Former SJHL player launches 700-kilometre skate to save Rocanville Rink
Dion Campbell rolled out from the Alberta-Saskatchewan border on a 700-kilometre push to keep Rocanville’s rink alive, with 12 volunteers backing the effort.
Dion Campbell launched Blade Across the Prairies from Walsh, Alberta, on Saturday, beginning a roughly 700-kilometre rollerblading push toward the Manitoba border to raise money for the Rocanville Rink. Organizers hope the former Saskatchewan Junior Hockey League player and local schoolteacher can finish the trip in about six days, weather permitting.
The fundraiser has quickly become a test of whether the town-owned rink can be kept in service. Sam Daku, who chairs the Rocanville Rink Fundraising Committee, says the building has serious structural problems, including roof flooding, and that the roof needs to be completely replaced. The committee formed only about a month and a half before Campbell’s launch, and 12 volunteers have already signed on to help.

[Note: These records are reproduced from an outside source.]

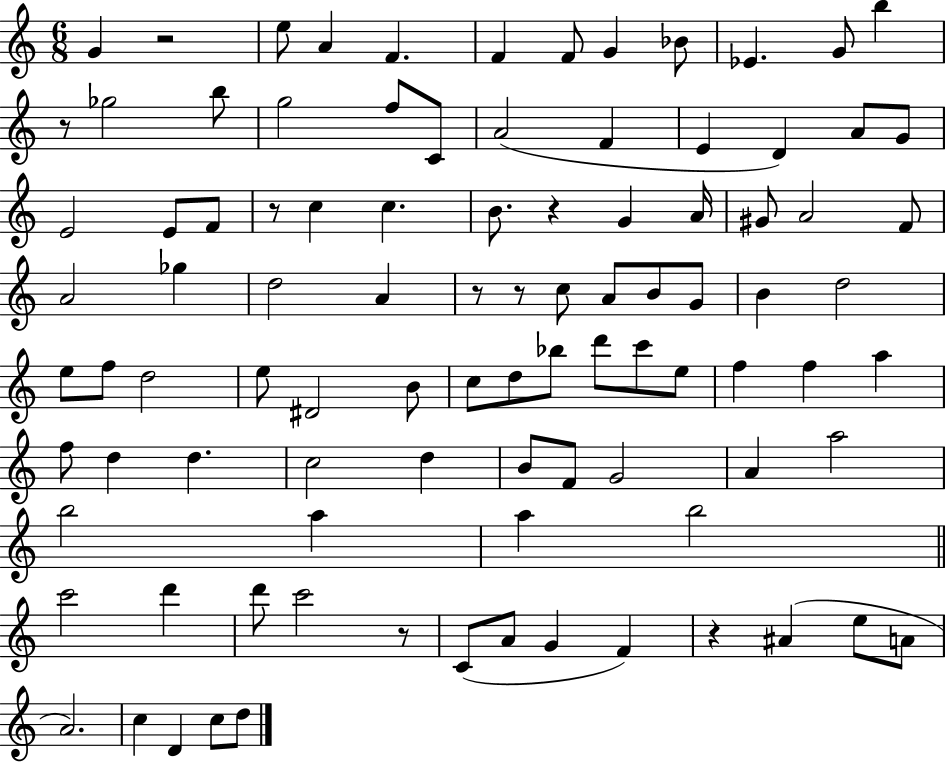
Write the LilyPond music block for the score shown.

{
  \clef treble
  \numericTimeSignature
  \time 6/8
  \key c \major
  \repeat volta 2 { g'4 r2 | e''8 a'4 f'4. | f'4 f'8 g'4 bes'8 | ees'4. g'8 b''4 | \break r8 ges''2 b''8 | g''2 f''8 c'8 | a'2( f'4 | e'4 d'4) a'8 g'8 | \break e'2 e'8 f'8 | r8 c''4 c''4. | b'8. r4 g'4 a'16 | gis'8 a'2 f'8 | \break a'2 ges''4 | d''2 a'4 | r8 r8 c''8 a'8 b'8 g'8 | b'4 d''2 | \break e''8 f''8 d''2 | e''8 dis'2 b'8 | c''8 d''8 bes''8 d'''8 c'''8 e''8 | f''4 f''4 a''4 | \break f''8 d''4 d''4. | c''2 d''4 | b'8 f'8 g'2 | a'4 a''2 | \break b''2 a''4 | a''4 b''2 | \bar "||" \break \key c \major c'''2 d'''4 | d'''8 c'''2 r8 | c'8( a'8 g'4 f'4) | r4 ais'4( e''8 a'8 | \break a'2.) | c''4 d'4 c''8 d''8 | } \bar "|."
}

For Rocanville, the rink is more than a place to skate. The town’s rink page lists an artificial ice surface that runs from October to March and is used for public skating, Canskate, recreational and competitive skating, old-timers hockey and minor hockey. The building’s backstory runs deep too: it was originally built in Beatty, Saskatchewan, then dismantled and moved to Rocanville in 1993 after financial problems in Beatty.

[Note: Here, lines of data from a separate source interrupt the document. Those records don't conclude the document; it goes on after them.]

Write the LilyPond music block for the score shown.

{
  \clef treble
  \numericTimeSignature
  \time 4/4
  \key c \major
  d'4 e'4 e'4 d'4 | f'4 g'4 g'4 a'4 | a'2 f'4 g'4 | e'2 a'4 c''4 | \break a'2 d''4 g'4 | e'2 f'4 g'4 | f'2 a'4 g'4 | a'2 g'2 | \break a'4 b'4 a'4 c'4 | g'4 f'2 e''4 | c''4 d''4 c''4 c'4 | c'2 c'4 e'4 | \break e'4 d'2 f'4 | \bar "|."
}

That history gives the fundraiser a sharper edge than a simple community stunt. Rocanville sits in southeastern Saskatchewan and is tied closely to Nutrien’s Rocanville potash mine, which the company describes as one of the largest and most advanced potash operations in the world. Against that industrial backdrop, the rink remains the kind of local infrastructure that keeps winter recreation, youth programming and volunteer-run hockey alive in a small town.

Organizers say the campaign is also meant to spotlight the pressure on other Saskatchewan communities trying to preserve aging rinks. A community barbecue celebration is being planned in Moosomin as Campbell passes through, underscoring how closely the route itself is being treated as a moving fundraiser for a facility residents see as essential, not optional.